Directions for this task | Below is a listing. Write out exactly its lines between the one holding "2016-17 Upper Deck" and the one holding "Ortlieb Bikepacking Seat", inclusive.
-------- Dataset entries --------
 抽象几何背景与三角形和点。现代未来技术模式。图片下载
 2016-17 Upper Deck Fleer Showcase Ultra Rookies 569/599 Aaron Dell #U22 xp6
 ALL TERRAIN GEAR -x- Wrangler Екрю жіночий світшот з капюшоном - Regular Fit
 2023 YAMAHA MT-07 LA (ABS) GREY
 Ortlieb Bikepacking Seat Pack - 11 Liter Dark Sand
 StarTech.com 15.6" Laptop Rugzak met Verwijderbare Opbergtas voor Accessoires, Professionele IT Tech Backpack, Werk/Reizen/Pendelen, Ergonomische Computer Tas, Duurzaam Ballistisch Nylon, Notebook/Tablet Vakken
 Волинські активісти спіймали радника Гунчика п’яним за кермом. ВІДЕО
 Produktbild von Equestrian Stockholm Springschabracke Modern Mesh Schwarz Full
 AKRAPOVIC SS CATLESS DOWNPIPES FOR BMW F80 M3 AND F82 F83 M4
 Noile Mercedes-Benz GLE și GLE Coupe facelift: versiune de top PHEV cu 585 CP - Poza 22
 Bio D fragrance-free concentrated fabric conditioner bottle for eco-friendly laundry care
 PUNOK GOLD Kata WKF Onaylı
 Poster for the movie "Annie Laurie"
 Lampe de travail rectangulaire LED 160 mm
--------
-------- Dataset entries --------
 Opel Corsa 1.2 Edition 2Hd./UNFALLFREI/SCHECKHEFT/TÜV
--------
Answer area |
 2016-17 Upper Deck Fleer Showcase Ultra Rookies 569/599 Aaron Dell #U22 xp6
 ALL TERRAIN GEAR -x- Wrangler Екрю жіночий світшот з капюшоном - Regular Fit
 2023 YAMAHA MT-07 LA (ABS) GREY
 Ortlieb Bikepacking Seat Pack - 11 Liter Dark Sand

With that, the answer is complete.